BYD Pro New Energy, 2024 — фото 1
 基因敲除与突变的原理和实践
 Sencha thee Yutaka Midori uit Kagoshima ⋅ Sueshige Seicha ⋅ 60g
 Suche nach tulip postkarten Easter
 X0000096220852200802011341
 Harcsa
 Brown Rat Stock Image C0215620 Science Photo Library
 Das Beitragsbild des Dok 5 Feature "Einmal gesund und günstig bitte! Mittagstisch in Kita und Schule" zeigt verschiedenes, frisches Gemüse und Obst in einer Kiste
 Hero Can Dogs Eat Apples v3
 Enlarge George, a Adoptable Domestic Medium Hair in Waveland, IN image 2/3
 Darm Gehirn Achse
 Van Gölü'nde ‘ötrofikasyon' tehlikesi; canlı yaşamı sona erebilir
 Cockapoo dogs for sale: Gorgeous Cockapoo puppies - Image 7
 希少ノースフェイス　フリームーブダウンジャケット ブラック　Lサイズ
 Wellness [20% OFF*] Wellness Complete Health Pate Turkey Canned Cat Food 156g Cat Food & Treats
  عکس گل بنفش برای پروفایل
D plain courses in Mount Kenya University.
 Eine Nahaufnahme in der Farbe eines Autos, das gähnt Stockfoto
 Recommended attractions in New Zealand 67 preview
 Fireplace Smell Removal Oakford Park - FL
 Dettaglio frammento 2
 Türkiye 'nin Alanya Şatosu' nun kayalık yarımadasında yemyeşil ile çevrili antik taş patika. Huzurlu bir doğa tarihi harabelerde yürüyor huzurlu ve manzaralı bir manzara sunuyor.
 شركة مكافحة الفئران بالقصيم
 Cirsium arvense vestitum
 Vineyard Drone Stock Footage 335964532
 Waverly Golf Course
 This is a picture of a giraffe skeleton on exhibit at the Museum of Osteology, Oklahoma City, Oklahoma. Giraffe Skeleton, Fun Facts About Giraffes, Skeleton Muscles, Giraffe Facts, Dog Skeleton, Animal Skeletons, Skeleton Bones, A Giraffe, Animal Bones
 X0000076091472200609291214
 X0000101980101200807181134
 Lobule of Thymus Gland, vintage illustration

......

◆ **WHAT TO PRODUCE**
Your answer should be the lines above from the one containing "Darm Gehirn Achse" through the one containing "Waverly Golf Course", copied exactly and with both ends kept.

◆ **RESPONSE BOX**
 Darm Gehirn Achse
 Van Gölü'nde ‘ötrofikasyon' tehlikesi; canlı yaşamı sona erebilir
 Cockapoo dogs for sale: Gorgeous Cockapoo puppies - Image 7
 希少ノースフェイス　フリームーブダウンジャケット ブラック　Lサイズ
 Wellness [20% OFF*] Wellness Complete Health Pate Turkey Canned Cat Food 156g Cat Food & Treats
  عکس گل بنفش برای پروفایل
D plain courses in Mount Kenya University.
 Eine Nahaufnahme in der Farbe eines Autos, das gähnt Stockfoto
 Recommended attractions in New Zealand 67 preview
 Fireplace Smell Removal Oakford Park - FL
 Dettaglio frammento 2
 Türkiye 'nin Alanya Şatosu' nun kayalık yarımadasında yemyeşil ile çevrili antik taş patika. Huzurlu bir doğa tarihi harabelerde yürüyor huzurlu ve manzaralı bir manzara sunuyor.
 شركة مكافحة الفئران بالقصيم
 Cirsium arvense vestitum
 Vineyard Drone Stock Footage 335964532
 Waverly Golf Course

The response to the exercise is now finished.